On May 6, Anthropic announced it will consume the entire compute capacity of SpaceX's Colossus 1 data center — over 220,000 NVIDIA GPUs. The cluster Elon Musk built so xAI could fight OpenAI and Anthropic is now leased to Anthropic, because xAI no longer has a competitive model to run on it.
That's the headline. The real story is what happened to the people.
By late March, all 11 original xAI co-founders had walked. So had 80+ researchers and engineers, including chief engineer Igor Babuschkin. Two years ago Musk had the capital, the GPUs, the brand, and a roster you couldn't have assembled on Stripe's best day. Today he has the GPUs.
The talent didn't disappear. They went to Anthropic, OpenAI, smaller labs, their own startups. The same companies that benefit when xAI has no model to ship are the ones that hired its bench.
Here's the part nobody in the AI infrastructure conversation wants to admit: a 220,000-GPU cluster without the people who can train a frontier model on it is a very expensive landlord business. Capital can buy chips in 18 months. It cannot buy a team that ships GPT-5 or Claude Opus in 18 months. There is no shortcut. There is no acquisition that closes the gap fast enough.
This is the part of the AI story that staffing leaders and CTOs need to internalize, because it's not just an xAI story. Every enterprise that's staring at a $50M, $100M, $500M AI budget right now is making the same mistake xAI made if they assume the budget is the hard part.
The hard part is the team that survives the build.
I've watched companies sign nine-figure AI commitments with vendors before they've hired the third engineer who can actually integrate any of it. They have the budget. They have the platform contract. They have the slide deck. What they don't have is the durable engineering org that can absorb new tooling every six months without losing its center of gravity. When the senior people start walking — and they walk first, because they have the most options — the org rebuilds nothing. The contracts keep paying.
That's xAI right now. Multi-billion-dollar infrastructure. Senior bench gone. Renting the cluster to a competitor.
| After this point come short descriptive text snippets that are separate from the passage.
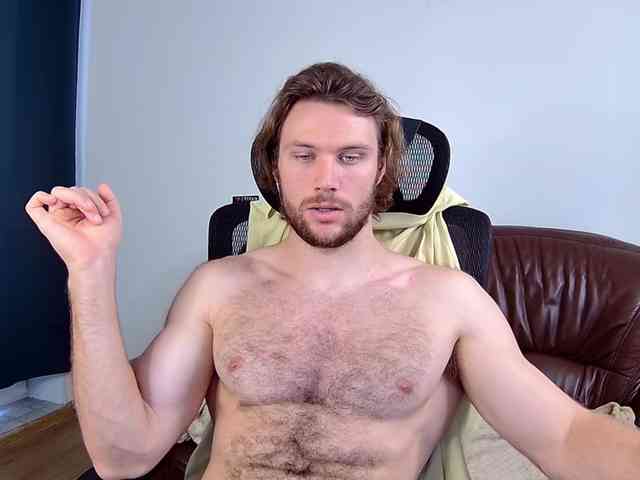 JackDeserty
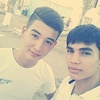 АкобирЧиК, 20, г.Галляарал АкобирЧиК, 20, г.Галляарал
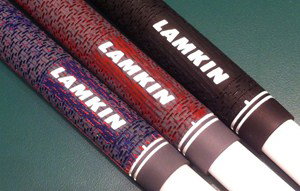 Super Stroke Slim 3.0 putter grip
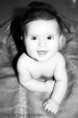/album/portretfotografie1/jayda7-jpg/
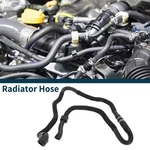 Radiator Hose NO.17127605641 For Bmw 640I Base 3.0L 2012-2018 Coolant Pipe. Fixed Price $47.46.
Three things to pull from this if you're sitting on a serious AI build:
Treat your senior AI/ML engineers like the actual scarce resource. GPUs are a commodity now. People who can ship a frontier-quality model on them are not. If you have any, your retention plan is more important than your procurement plan.
Hire as if you'll lose 30% of the team in 18 months. Because you might. The labor market for this skill set is the most liquid I've seen in 20 years of staffing. Build redundancy. Build the bench. Document everything. Pretend you're going to be raided, because someone is going to try.
Don't confuse a contract with capability. An OpenAI seat license, an Anthropic enterprise contract, a ServiceNow AI Control Tower — none of these become outcomes without the team that operates them. The vendor sells you the platform. The platform doesn't run itself.
Musk built the most expensive AI cluster in the world. The bottleneck wasn't the chips. It was never going to be the chips. It was the 80 people who walked out the door, and the fact that nobody at xAI seemed to register that as the actual emergency until it was too late to fix.
If you're building anything serious in AI right now, the GPUs are not your moat. The team that can use them is. Plan accordingly.